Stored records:
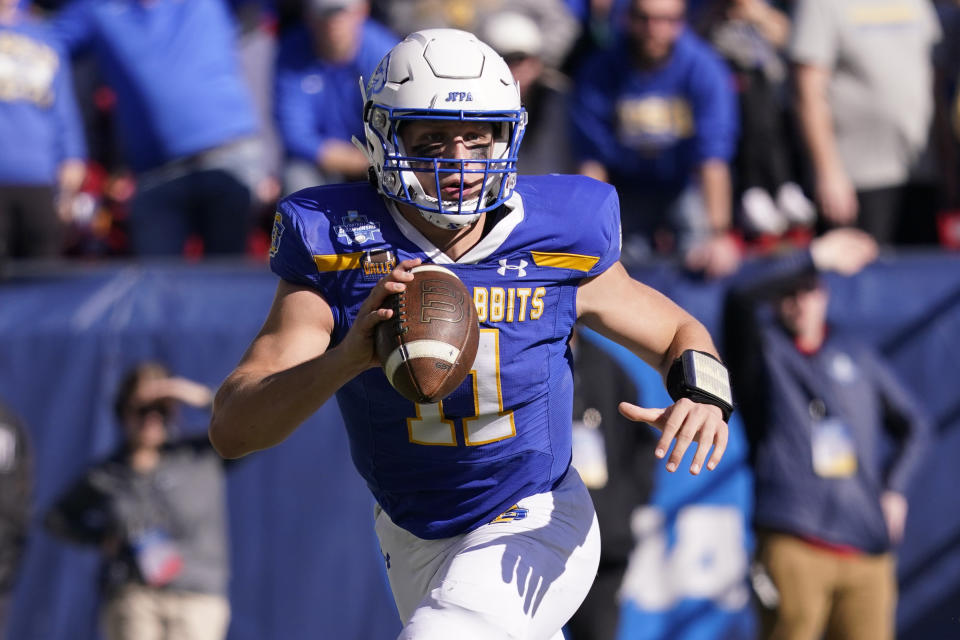 CORRECTS TO NORTH DAKOTA STATE NOT NORTH DAKOTA - South Dakota State quarterback Mark Gronowski (11) looks to pass during the first half of the FCS Championship NCAA college football game against the North Dakota State, Sunday, Jan. 8, 2023, in Frisco, Texas. (AP Photo/LM Otero)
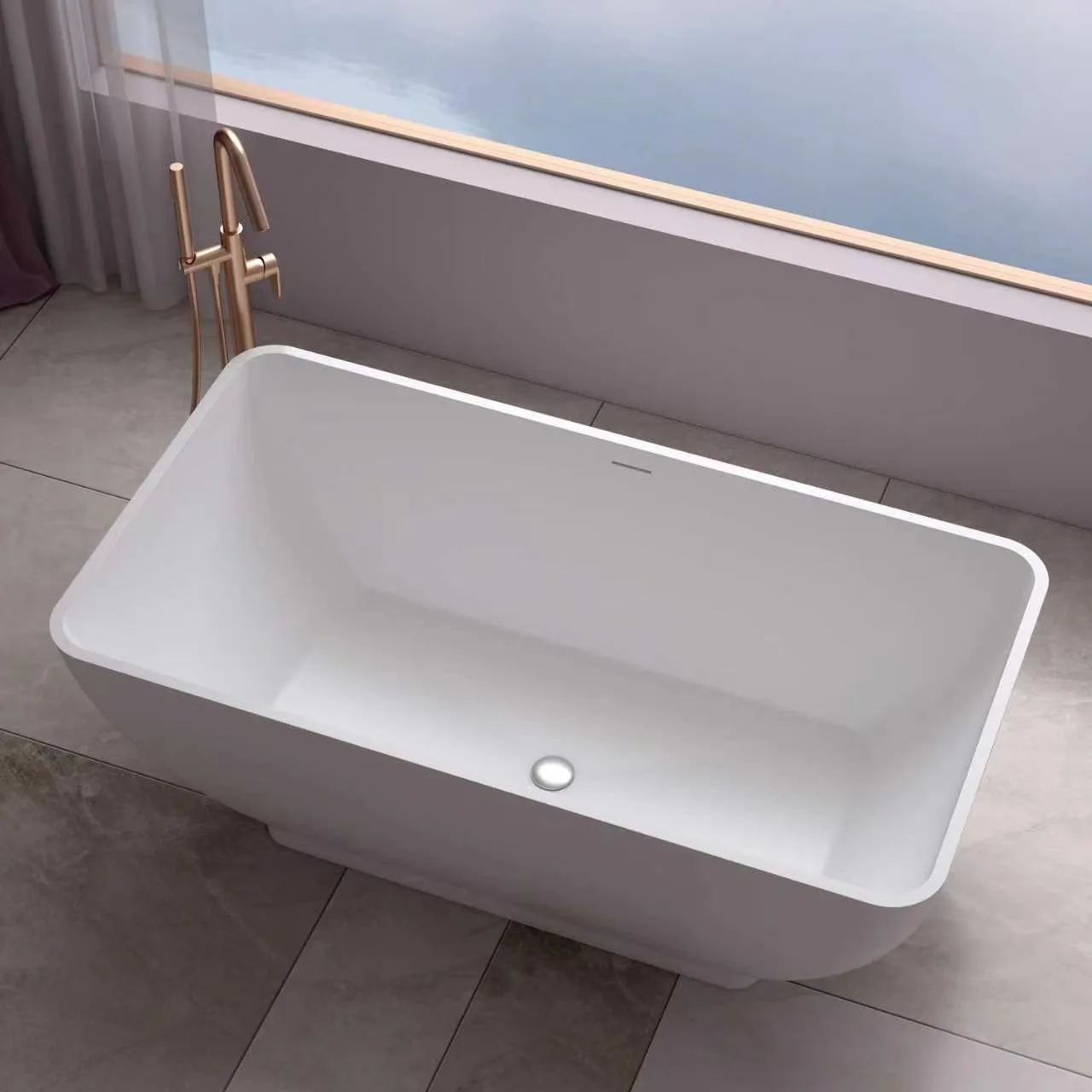 matte white freestanding solid surface bathtub showing non porous ergonomic interior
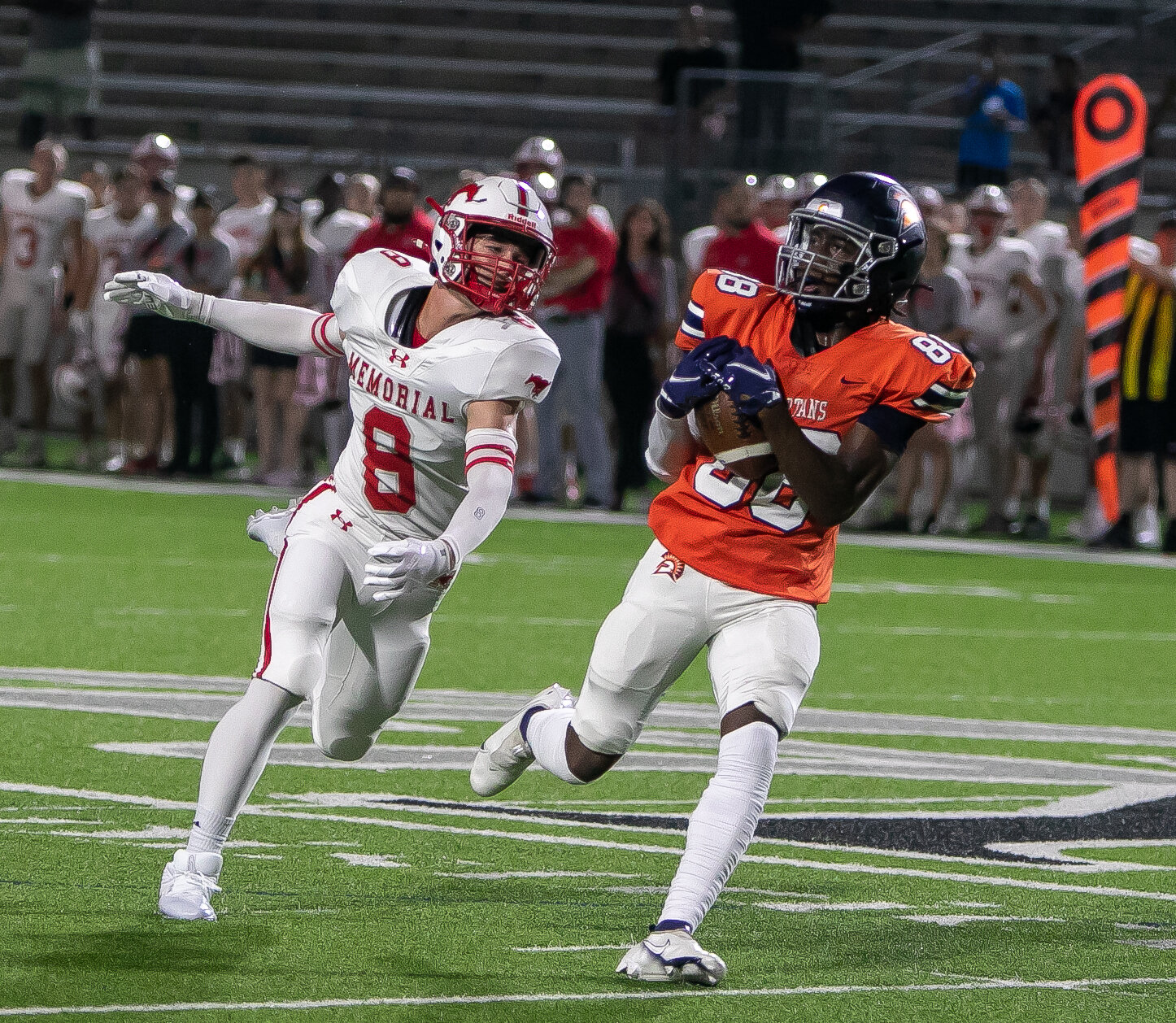 Ryan Fowler brings in a catch during Thursday's game between Seven Lakes and Memorial at Legacy Stadium.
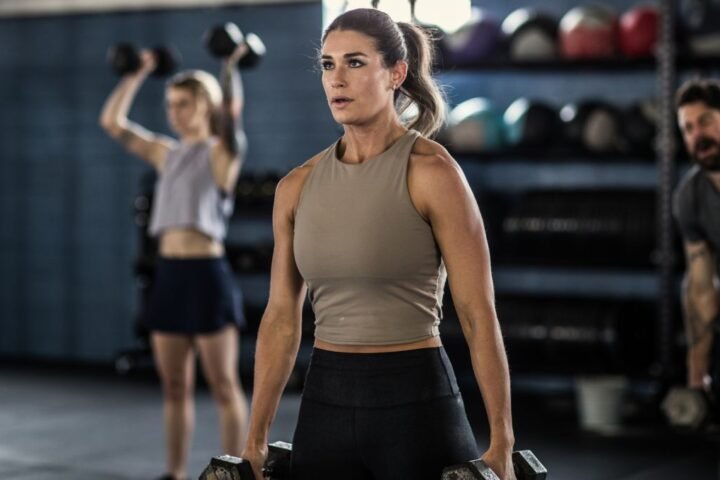 Woman stands holding dumbbells in a gym, people are working out behind her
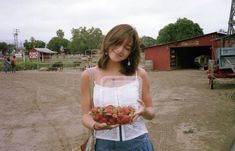 a woman holding strawberries in her hands while standing next to a horse pen and barn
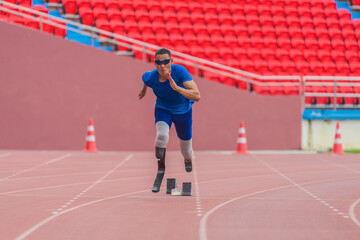 Wall Mural - Asian male athlete, prosthetics user, sprints off from block start, powering his practice run on stadium track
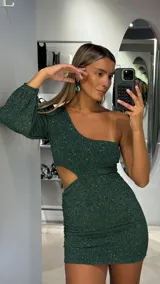 Vestido corto de lurex color verde esmeralda, con diseño de un solo hombro, manga larga abullonada y abertura lateral en la cintura. Presenta un ajuste al cuerpo con detalle fruncido en la falda.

Required action →
Return all records verbatim and drop the pictures.

Answer to this exercise →
 CORRECTS TO NORTH DAKOTA STATE NOT NORTH DAKOTA - South Dakota State quarterback Mark Gronowski (11) looks to pass during the first half of the FCS Championship NCAA college football game against the North Dakota State, Sunday, Jan. 8, 2023, in Frisco, Texas. (AP Photo/LM Otero)
 matte white freestanding solid surface bathtub showing non porous ergonomic interior
 Ryan Fowler brings in a catch during Thursday's game between Seven Lakes and Memorial at Legacy Stadium.
 Woman stands holding dumbbells in a gym, people are working out behind her
 a woman holding strawberries in her hands while standing next to a horse pen and barn
 Wall Mural - Asian male athlete, prosthetics user, sprints off from block start, powering his practice run on stadium track
 Vestido corto de lurex color verde esmeralda, con diseño de un solo hombro, manga larga abullonada y abertura lateral en la cintura. Presenta un ajuste al cuerpo con detalle fruncido en la falda.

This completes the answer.